You can use TIFF Image Printer and Raster Image Printer to effortlessly extract text from images by printing your images or scanned PDF documents. With just one step, you can create TIFF images and extract the text from pages into an editable text file, making it easy to modify the content as needed.
If you have a scanned PDF document and need to create searchable PDF files, see Convert PDF to Searchable PDF with OCR instead.
What is OCR?
OCR (Optical Character Recognition) searches for and recognizes text (characters) on scanned pages or images and extracts it as digital text. Outside factors such as image quality, the font used, and any image background on the pages will all affect the quality of the OCR results.
You can save the text output from the OCR process as hOCR, Text, or ALTO files. From the OCR settings, you can choose which type of extracted text file to create from the options in the OCR tab and even generate all of them at once if you want.
We’re using the TIFF Image Printer below to extract text from images, but the steps are the same for the Raster Image Printer. For Raster Image Printer, this works for all output images, TIFF, PNG, JPEG, etc.
Create the Extract Text From Images Profile
To start, open the Dashboard by double-clicking on the desktop shortcut for your printer.
The Dashboard gives you access to license information, printers, and resources, but most importantly, creating, copying, and editing profiles.
Select Edit & Create Profiles to open the Profile Manager to create a new profile.
Find the system profile named Color Optimized TIFF. Create a copy of it using the copy icon in the lower left. The same steps we are doing here apply to any system profile. You can also create custom profiles through the Add a profile button.
Configure OCR For The Extract Text From Images Profile
Give your new profile a name and a description. Next, go to the OCR tab and turn on OCR (Optical Character Recognition). Running OCR on each page can be a time-consuming step. For this reason, it is disabled to start.
Next, choose which OCR text files to create. There are three to choose from, and you can select to create more than one type.
- hOCR is an XHTML file containing the text extracted from the page. It also stores format and layout information and a score for how confident the OCR engine is on its match.
- Text creates a UTF-8 text file containing only the extracted text.
- ALTO is similar to hOCR but stores the information as XML following the Analyzed Layout and Text Object specification
For our example, we chose Text OCR. We only want to extract the text from the page and don’t care about the layout or positioning on the page.
Lastly, choose which languages to look for on the page. You must select at least one language. The more languages to match against, the longer the OCR process will take. If you have documents with mixed languages, select all languages used.
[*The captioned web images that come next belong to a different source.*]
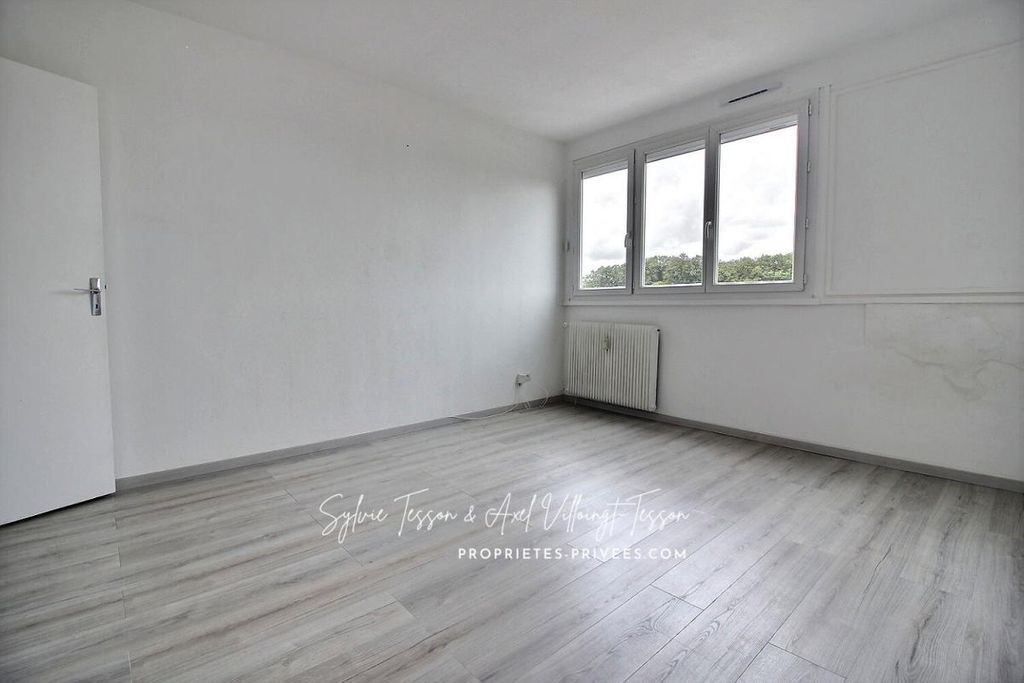 Achat appartement à vendre 2 pièces 33 m² - Saran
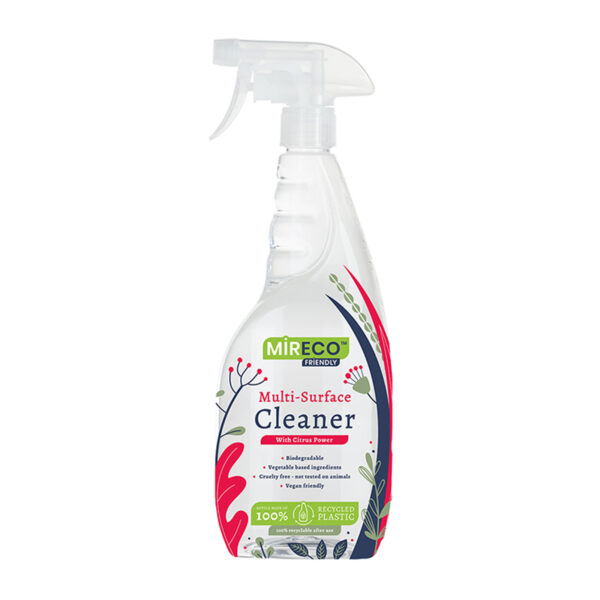 Mireco Multi-Surface Cleaner (750ml)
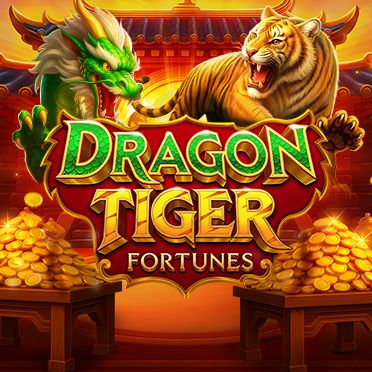 Dragon Tiger Fortunes
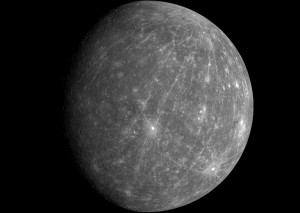 Mercury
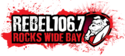 Rebel FM 106.7 Rocks Wide Bay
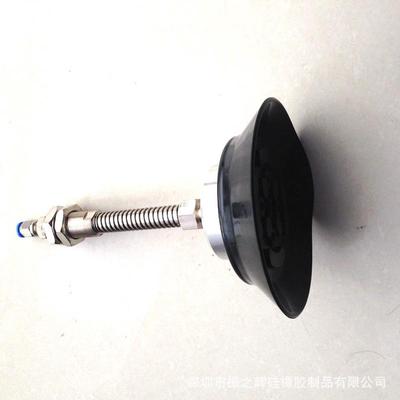 深圳生产厂家真空吸盘机械手重型PFGPF-150200250MM吸盘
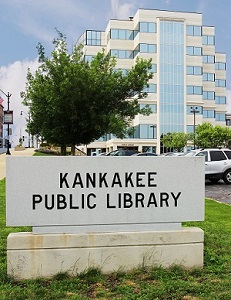 Kankakee Libraryr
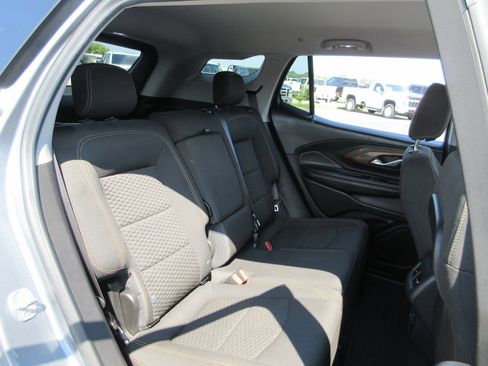 Used 2020 GMC Terrain SLE w/ Driver Convenience Package FWD image 21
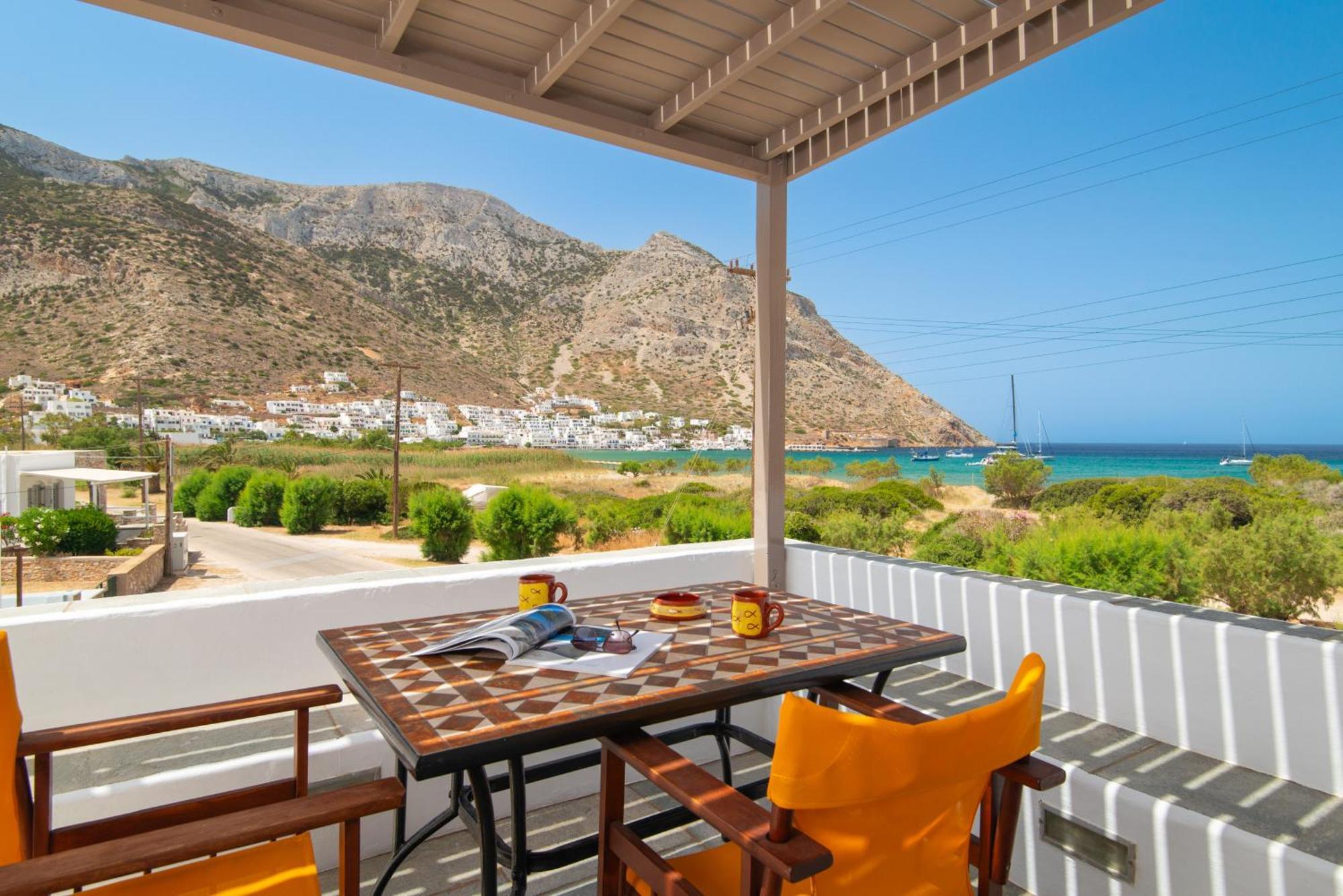 Apartmán Mare Nostrum *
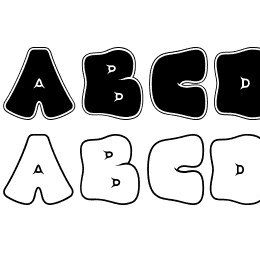 Arise Font File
PEERNET Image Printers can recognize Arabic, English, French, German, Hebrew, Hindi, Italian, and Spanish, with additional languages available to download.
Saving and Using the New Printer Profile
With your OCR settings configured, you can now Save the changes to your new profile. Click the Back arrow to return to the main screen of the Profile Manager and then close it.
We have our new profile. Let’s set it as the default profile TIFF Image Printer uses when printing. To do this, return to the TIFF Image Printer Dashboard and select Manage Printers to open Printer Management.
The Printer Management screen lists all copies of your TIFF Image Printer and which profile to use when creating files using that printer.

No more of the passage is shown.